Only the latest release receives security fixes. We do not backport patches to older versions.
| Version | Supported |
|---|---|
| latest | Yes |
| older | No |
Please do not open a public GitHub issue for security vulnerabilities.
Use GitHub's built-in private reporting:
- Go to the Security tab of this repository.
- Click "Report a vulnerability".
- Fill in the details and submit.
A maintainer will acknowledge the report within 48 hours and aim to release a fix within 14 days, depending on severity and complexity. You will be notified of progress throughout.
A useful report includes:
- A clear description of the vulnerability and its potential impact.
- Steps to reproduce (a minimal reproduction is ideal).
- The version(s) affected.
- Any suggested fix or mitigation, if you have one.
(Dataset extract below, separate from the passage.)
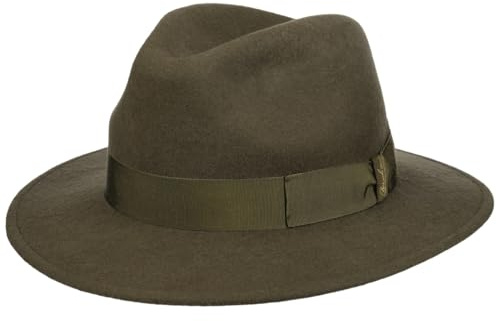 Borsalino Piemonte Traveller Wool Hat Women/Men - Made in Italy Felt with Grosgrain Band, Band Winter Autumn-Winter - 58 cm darkolive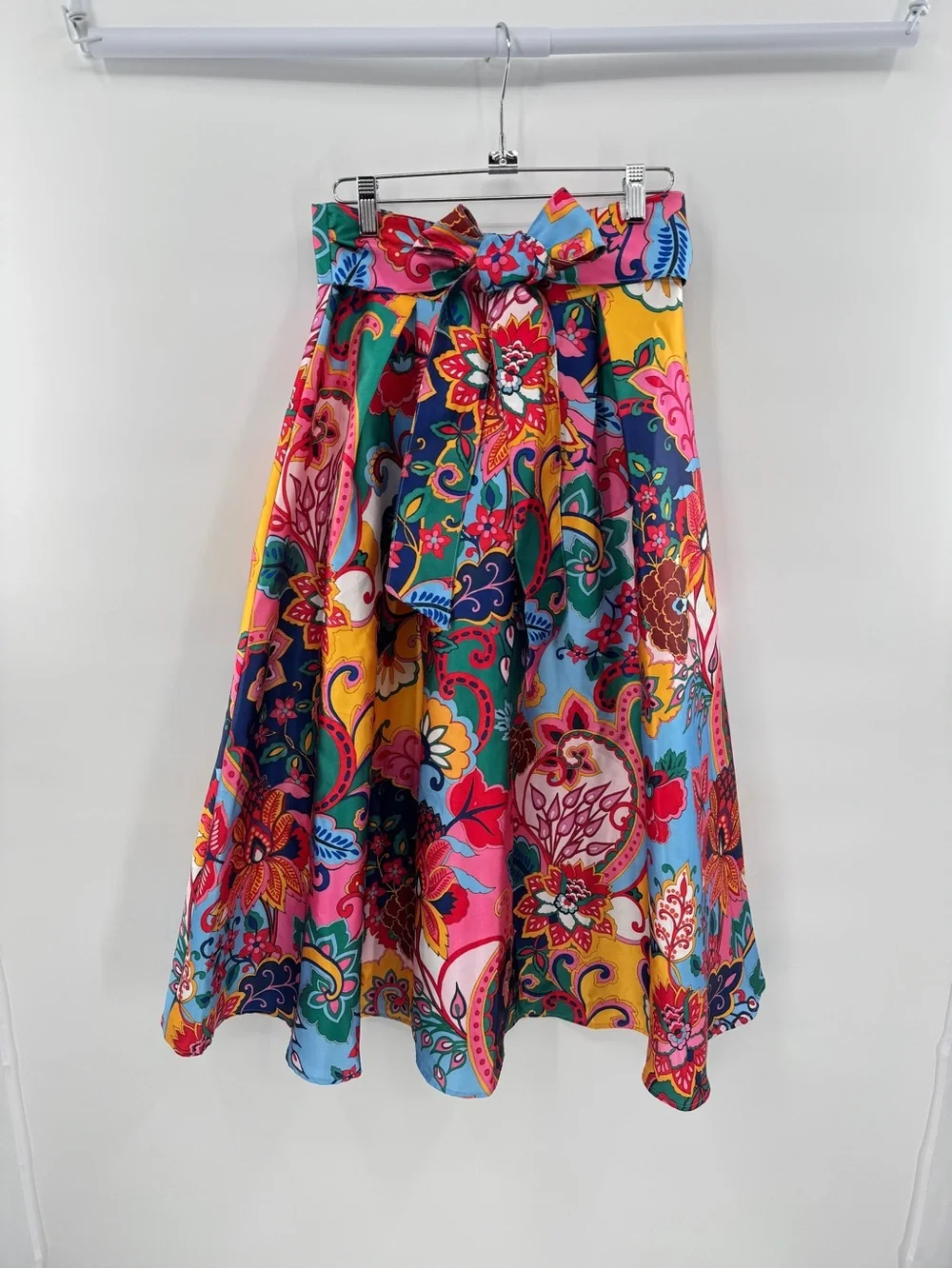 Boho Maximalist Paisley Floral Midi Skirt Colorful Eclectic Statement Piece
| In scope | Out of scope |
|---|---|
The tsgonest CLI binary |
Third-party dependencies (report upstream) |
@tsgonest/runtime npm package |
The typescript-go submodule (report to Microsoft) |
@tsgonest/types npm package |
Vulnerabilities in test fixtures |
| The release / CI pipeline |
We follow responsible disclosure. We ask that you give us reasonable time to address the issue before any public disclosure. We will credit reporters in the release notes unless you prefer to remain anonymous.